When I started out drinking wine, supermarket wine ranges were extremely variable. There were some terrible wines: wines that made you gag. As a student, and thus a bottom-feeder, the challenge was to find something cheap and drinkable. It was hard.
Then, as I got to know a little about wine, I started buying more expensive bottles. At this time, the supermarket wine aisles did have some interesting things at the high end.
Now, things have changed. The wines are much more consistent, and it is rare to find a really bad wine in a UK supermarket. Quality has got much more consistent, particularly at the bottom. But it’s also true that at the middle and high end there are fewer genuinely good wines, of the sort that interest a geek.
And it is easy for wine writers like me to put the boot into supermarket wine buying for championing consistent but bland wines, or favouring big brands, or using price promotion as a sales mechanic. We do it all the time.
What we should ask ourselves is this: how good a job would we do if we were parachuted into a buying job with a major supermarket? My predictions are as follows.
First, we’d try to reshape the wine offering. We might try to cut it down in size, to offer a smaller, well chosen choice of wines, to try to lessen the confusion the customer feels when faced with the wall of wine. Then we’d notice a drop in sales as the consumer loses confidence in our reduced offering. While the wall of wine is confusing, it is reassuring: this is a supermarket that takes wine seriously.
Then we’d try to get rid of some of the big brands. We’d find that there’s a reason they are big, when we looked at our figures and saw that overall sales were falling.
We’d try to introduce some interesting wines, of the sorts that we like: perhaps from new countries, or made with interesting varieties. And we’d list a few more £10+ wines. Shortly we’d find ourselves sitting on unsold stock, because our customers aren’t interested in more expensive wines from lesser known regions or varieties.
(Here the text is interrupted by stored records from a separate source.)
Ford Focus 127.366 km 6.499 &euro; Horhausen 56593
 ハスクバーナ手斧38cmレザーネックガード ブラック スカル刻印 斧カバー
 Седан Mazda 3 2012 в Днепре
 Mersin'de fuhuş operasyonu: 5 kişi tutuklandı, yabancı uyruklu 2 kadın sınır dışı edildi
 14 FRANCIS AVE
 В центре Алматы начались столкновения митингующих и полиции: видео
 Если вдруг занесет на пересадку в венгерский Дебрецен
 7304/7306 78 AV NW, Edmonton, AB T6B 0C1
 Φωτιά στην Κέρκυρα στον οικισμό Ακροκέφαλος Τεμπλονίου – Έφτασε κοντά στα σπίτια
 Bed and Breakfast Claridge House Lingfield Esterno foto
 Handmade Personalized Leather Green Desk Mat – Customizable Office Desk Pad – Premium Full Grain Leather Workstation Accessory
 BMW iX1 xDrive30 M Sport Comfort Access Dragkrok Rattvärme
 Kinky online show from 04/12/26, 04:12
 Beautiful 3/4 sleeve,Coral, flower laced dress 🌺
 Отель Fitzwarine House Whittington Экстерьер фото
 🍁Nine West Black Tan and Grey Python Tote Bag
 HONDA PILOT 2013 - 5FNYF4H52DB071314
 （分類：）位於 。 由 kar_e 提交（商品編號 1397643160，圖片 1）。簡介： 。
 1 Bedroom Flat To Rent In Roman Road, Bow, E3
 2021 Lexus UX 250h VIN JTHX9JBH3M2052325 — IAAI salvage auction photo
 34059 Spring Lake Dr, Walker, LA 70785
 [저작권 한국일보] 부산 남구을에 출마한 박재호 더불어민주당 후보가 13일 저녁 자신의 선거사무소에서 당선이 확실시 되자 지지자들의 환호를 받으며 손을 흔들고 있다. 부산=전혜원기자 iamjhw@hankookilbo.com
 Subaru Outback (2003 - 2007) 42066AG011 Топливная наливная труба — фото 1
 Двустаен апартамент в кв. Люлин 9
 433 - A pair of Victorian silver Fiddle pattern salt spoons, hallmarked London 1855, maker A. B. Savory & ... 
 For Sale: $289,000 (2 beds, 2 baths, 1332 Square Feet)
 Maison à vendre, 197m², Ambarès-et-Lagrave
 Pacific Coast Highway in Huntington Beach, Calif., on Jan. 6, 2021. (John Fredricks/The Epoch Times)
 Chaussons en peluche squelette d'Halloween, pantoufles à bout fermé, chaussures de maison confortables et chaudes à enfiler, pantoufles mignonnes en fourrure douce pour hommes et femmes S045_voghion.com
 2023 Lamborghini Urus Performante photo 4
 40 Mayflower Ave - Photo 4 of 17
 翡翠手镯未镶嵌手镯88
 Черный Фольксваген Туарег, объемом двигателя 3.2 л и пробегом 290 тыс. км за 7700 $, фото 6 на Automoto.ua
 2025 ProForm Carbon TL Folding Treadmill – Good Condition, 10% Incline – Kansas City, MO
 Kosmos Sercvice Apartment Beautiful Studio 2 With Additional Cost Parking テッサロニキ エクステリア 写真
Time for a buying trip. We have to source some new wines from the range, but we suddenly find that the choice of good wine at the 90 cent per bottle price point we have to hit to be able to list it at £5 and in the volumes needed to supply all our stores isn’t that great. A reality check.
By this stage, we’d be in danger of losing our job because our department wasn’t making enough money.
Very soon, we’d realise that: (a) there is a reason that supermarket wine ranges look the way they do; (b) supermarket buyers aren’t stupid, and are doing a pretty good job; and (c) you and I are not the customer base they are aiming for – there are relatively few with a real interest in wine and if they tried to target us they’d go broke.
Look at the major supermarkets and their wine ranges. They look pretty similar. That’s because they are run by smart people who know how to sell wine, and whose jobs depend on them being able to make money from those aisles. We may not like it, as wine lovers, but this is what the majority of customers want: the supermarkets have researched this extensively, and they are working in a very competitive industry.
[So how does this square with my assertion that 90% of all wine is crap? Perhaps, as has been pointed out, crap is a harsh term and dull might be better. What I mean is that from the perspective of a wine lover, 90% of all wines are uninteresting, and not worth bothering with. To me, they are a bit crap. That’s fine, it leaves 10%, and I am lucky in that I know where to find them.]